■ Exercise description: The records that follow are to be repeated without alteration.

=== The input ===

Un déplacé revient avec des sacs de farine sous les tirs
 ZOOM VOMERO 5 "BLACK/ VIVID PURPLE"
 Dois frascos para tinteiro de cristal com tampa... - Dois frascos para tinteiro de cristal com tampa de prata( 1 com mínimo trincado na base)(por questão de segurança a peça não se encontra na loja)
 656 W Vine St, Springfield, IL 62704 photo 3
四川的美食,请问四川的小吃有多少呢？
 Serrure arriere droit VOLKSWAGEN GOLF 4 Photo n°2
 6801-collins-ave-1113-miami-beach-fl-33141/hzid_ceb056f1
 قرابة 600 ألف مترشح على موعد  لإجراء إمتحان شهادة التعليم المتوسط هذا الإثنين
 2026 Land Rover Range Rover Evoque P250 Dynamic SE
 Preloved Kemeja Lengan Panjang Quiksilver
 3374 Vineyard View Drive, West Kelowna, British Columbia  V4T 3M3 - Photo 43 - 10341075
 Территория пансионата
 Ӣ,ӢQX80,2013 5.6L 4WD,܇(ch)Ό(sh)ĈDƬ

===

■ Task response:
Un déplacé revient avec des sacs de farine sous les tirs
 ZOOM VOMERO 5 "BLACK/ VIVID PURPLE"
 Dois frascos para tinteiro de cristal com tampa... - Dois frascos para tinteiro de cristal com tampa de prata( 1 com mínimo trincado na base)(por questão de segurança a peça não se encontra na loja)
 656 W Vine St, Springfield, IL 62704 photo 3
四川的美食,请问四川的小吃有多少呢？
 Serrure arriere droit VOLKSWAGEN GOLF 4 Photo n°2
 6801-collins-ave-1113-miami-beach-fl-33141/hzid_ceb056f1
 قرابة 600 ألف مترشح على موعد  لإجراء إمتحان شهادة التعليم المتوسط هذا الإثنين
 2026 Land Rover Range Rover Evoque P250 Dynamic SE
 Preloved Kemeja Lengan Panjang Quiksilver
 3374 Vineyard View Drive, West Kelowna, British Columbia  V4T 3M3 - Photo 43 - 10341075
 Территория пансионата
 Ӣ,ӢQX80,2013 5.6L 4WD,܇(ch)Ό(sh)ĈDƬ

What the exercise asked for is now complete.